しかし、長引く不況で、民間企業からの寄付は、極めて募りづらくなっている。
でも、政府が単年度予算の中で、これらの法人に補助金を支出できるようにするには、たとえ100万円程度の支出でも、前年8月の概算要求前から、個々の法人や事業に関する膨大な資料を作らなければならず、(支出を受ける側の公益・NPO法人が極めて零細な法人であることを考え併せると)全く間尺に合わない。

そこで考え出されたのが、行政の代行機関である「独立行政法人」に、「基金」を造成するという仕組みだった。
これならば、助成金交付目的の範囲内の法人に、機動的に助成金を交付することができる。
青少年交友協会の「親子野外生活体験」事業の場合、独立行政法人「子どもゆめ基金」の基金や、独立行政法人「福祉医療機構」の子育て支援のための基金から、ささやかながら、毎年100万円程度の助成をいただいていたわけだ。

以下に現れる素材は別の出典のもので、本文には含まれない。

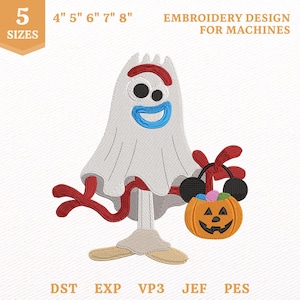 May include: Machine embroidery design featuring a character dressed as a ghost with a red headband, blue mouth, and mismatched eyes. The character holds an orange jack-o'-lantern candy bucket with black mouse ears. Text includes 5 SIZES, 4" 5" 6" 7" 8", EMBROIDERY DESIGN FOR MACHINES, DST, EXP, VP3, JEF, PES.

さて、この、「子どもゆめ基金」には100億円、「福祉医療機構」の支援基金には300億円が政府から出資(原資は税金、他に民間からの出資もあり)され、この基金が、各種の公益・NPO法人への助成に活用されていた。

ところが、これらの支出や基金が、民主党の「事業仕分け」により、「ムダ」、「廃止」、「基金召し上げ」と結論付けられてしまった。
理由は、
・これは「埋蔵金」だ。
・いずれの独立行政法人にも「天下り」がいる。
・本当に必要なら単年度ごとに政府に補助金を申請すればいい。
・「学校」がやればよいことではないか。
などといった理由とのことだ。

オイオイ、こんな野外活動、日教組でやってくれるのかよ。
天下り役人がいるなら辞めさせて1人年千万の給与を浮かせりゃいいじゃないか、どうして100億・300億を召し上げるのか。

その意図は分かっている。
子ども手当、高校無償化、「埋蔵金」らしき財源があれば、とにかくバラマキに使いたいからだ。
でも、そのおかげでわが青少年交友協会の「親子野外生活体験」事業は、今年でもう終わりかも知れない。

民主党政権は、毎年50家族、150人が参加し、親子の絆、地域の絆、自然との絆を感じ取る「親子野外生活体験」活動に対する100万円の助成金を召し上げることで、子ども手当3人分(月2.6万円で年間93.6万円)のバラマキ資金を捻出した。
この、愚か者たちよ。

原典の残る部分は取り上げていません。